(RECORD SET)

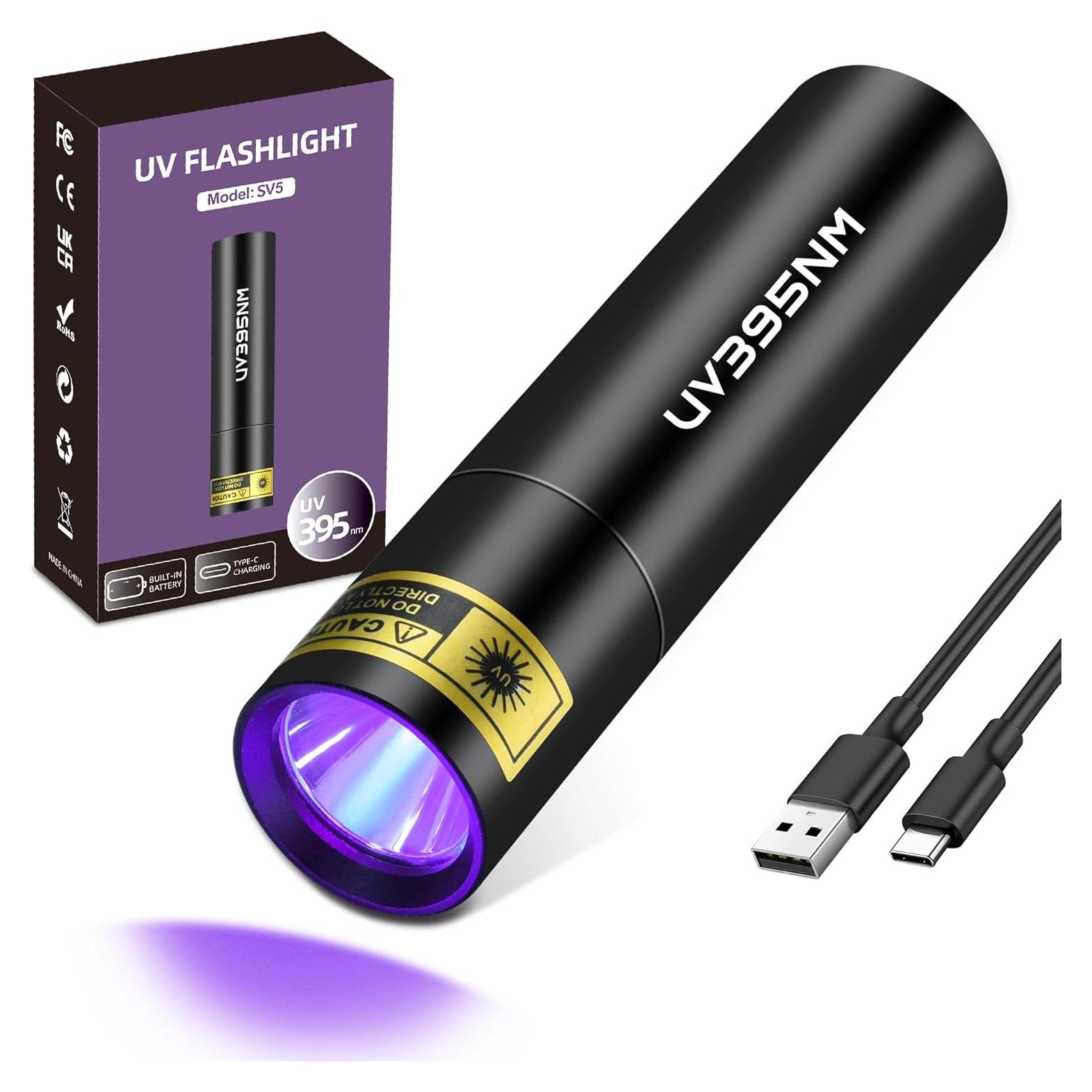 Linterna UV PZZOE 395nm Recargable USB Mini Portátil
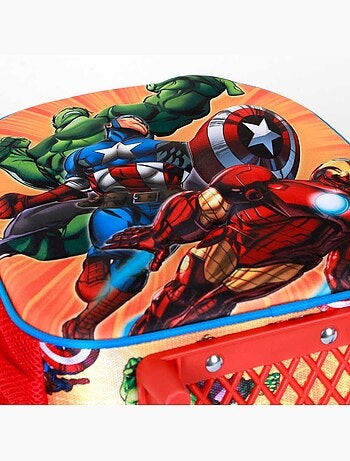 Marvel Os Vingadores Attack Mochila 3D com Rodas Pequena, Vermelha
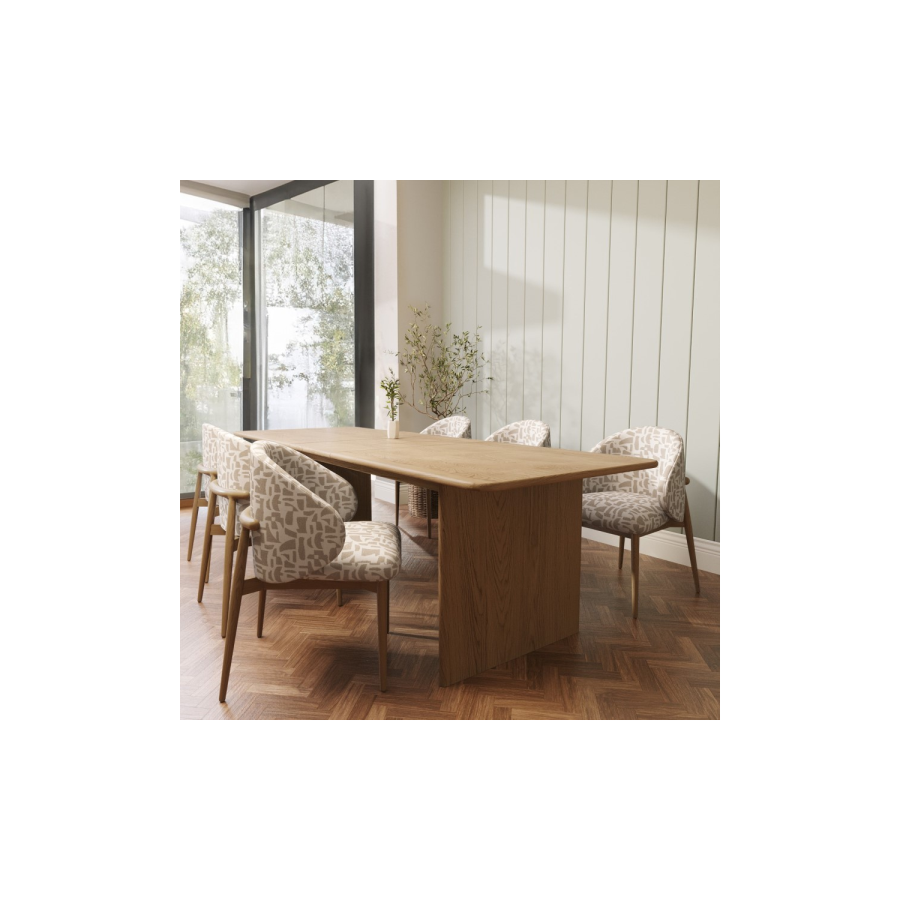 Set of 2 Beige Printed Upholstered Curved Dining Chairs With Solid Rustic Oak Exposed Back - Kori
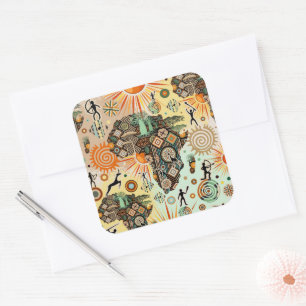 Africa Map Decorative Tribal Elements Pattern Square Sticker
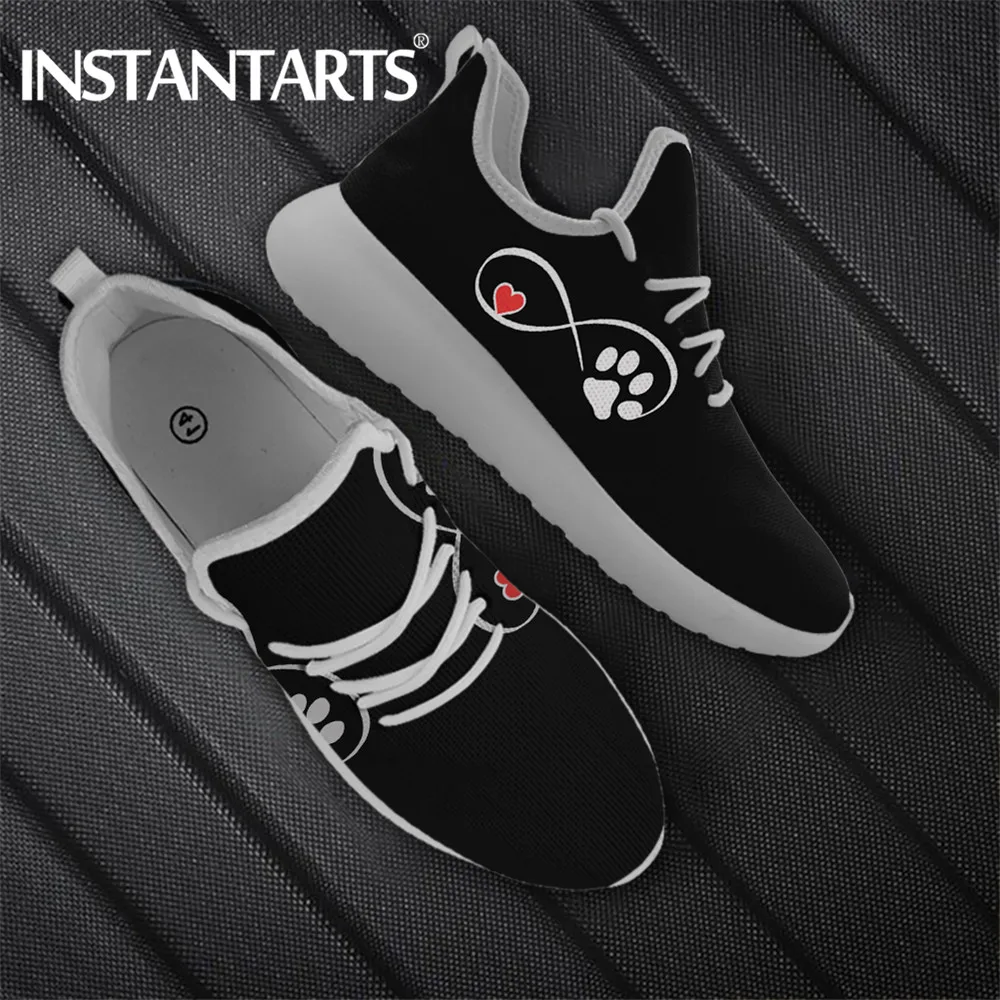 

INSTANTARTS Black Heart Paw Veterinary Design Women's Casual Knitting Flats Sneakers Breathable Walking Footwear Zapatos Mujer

(End RECORD SET)

- **PROBLEM DETAILS**
Restate the entries above word for word, and keep the pictures out.

- **OUTPUT OF THE TASK**
 Linterna UV PZZOE 395nm Recargable USB Mini Portátil
 Marvel Os Vingadores Attack Mochila 3D com Rodas Pequena, Vermelha
 Set of 2 Beige Printed Upholstered Curved Dining Chairs With Solid Rustic Oak Exposed Back - Kori
 Africa Map Decorative Tribal Elements Pattern Square Sticker

INSTANTARTS Black Heart Paw Veterinary Design Women's Casual Knitting Flats Sneakers Breathable Walking Footwear Zapatos Mujer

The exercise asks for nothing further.